Joyce Carol Oates: “It’s rare for me to ask for others’ opinions—I don’t have that kind of personality, though I am a writing instructor myself. I would not feel comfortable asking another person to read my work and spend time thinking about it in a potentially helpful way.”
Arthur Phillips is having fun being poker-faced about his next book, which appears to be a Pale Fire-ish faux critical commentary on a Shakespeare play about King Arthur.
In the Guardian, a dozen writers weigh in on each month of the year.
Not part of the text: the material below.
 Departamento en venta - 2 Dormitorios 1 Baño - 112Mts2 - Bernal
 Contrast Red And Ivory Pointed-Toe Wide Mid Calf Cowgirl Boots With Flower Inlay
Lionel Shriver notes that “February is for curmudgeons, whinge-bags and misanthropes.”
Matthew Hunte compares the 1999 and 2010 classes of New Yorker‘s “20 Under 40” writers, and notes how the first group’s “heirs to a tradition of formal experimentation and hyper-intellectualism” gave way to one whose thematic preoccupation is “escape, whether it is from a stifling relationship, a plantation, a collapsing country or merely from responsibility.”
Fredrik Colting‘s riff on The Catcher in the Rye is officially barred from publication in the United States.
I initially figured that Amber Sparks‘ concern about the lack of working-class American fiction was a bit of an overreaction. But then I saw that at least one New York Times headline writer noted that Louis Auchincloss wrote about
WASPs “people who mattered.” To the barricades!